**RECORDS FOR THIS EXERCISE:**
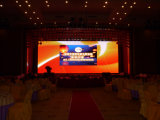 Smart Series P12 Indoor Advertising&Rental Full Color LED Displays with IP54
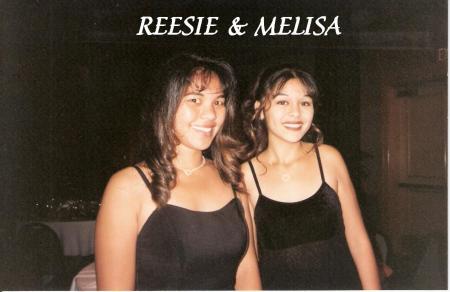 Cherisse Mercado's Classmates profile album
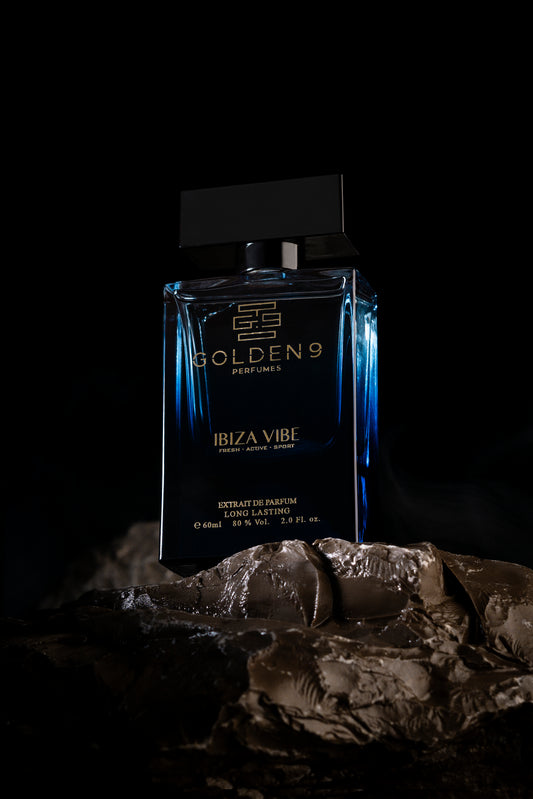 IBIZA VIBE / SPORT - ACTIVE - FRESH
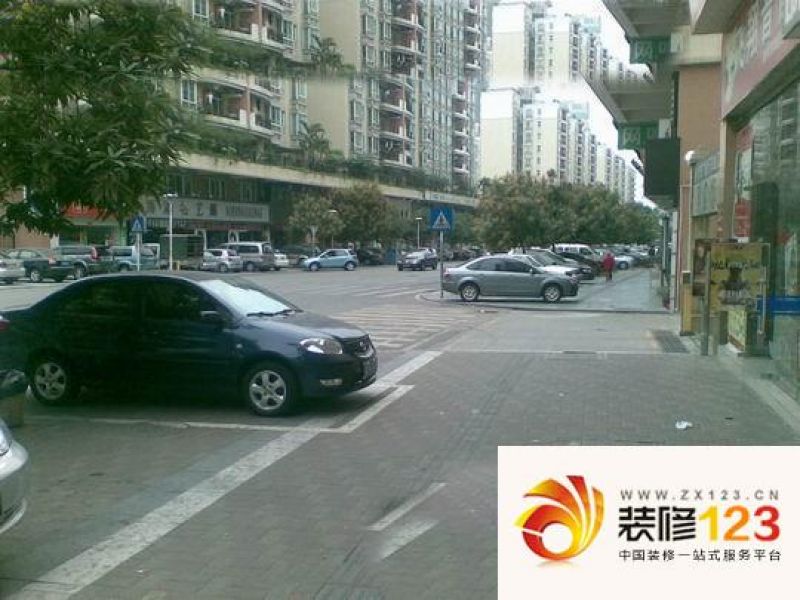 上海海联大厦海联大厦外景图图片大全-我的小区-上海装信通网
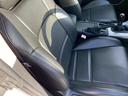 社外のシートカバーが装着されています!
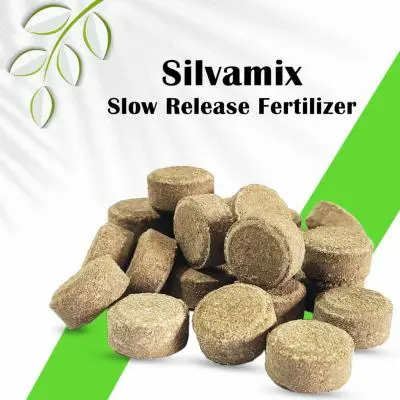 Fertilizer Tablet দীর্ঘস্থায়ী পুষ্টি সরবরাহকারী ট্যাবলেট সার, যা গাছের সুষম বৃদ্ধি, শিকড়ের সুস্থ বিকাশ এবং স্বাস্থ্যকর ফুল-ফল গঠনে কার্যকর।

**WORK INSTRUCTION:** The answer must be an exact copy of the lines from the start of the records above through the line containing "社外のシートカバーが装着されています!", with no pictures in it.

**THE COMPLETED TASK:**
 Smart Series P12 Indoor Advertising&Rental Full Color LED Displays with IP54
 Cherisse Mercado's Classmates profile album
 IBIZA VIBE / SPORT - ACTIVE - FRESH
 上海海联大厦海联大厦外景图图片大全-我的小区-上海装信通网
 社外のシートカバーが装着されています!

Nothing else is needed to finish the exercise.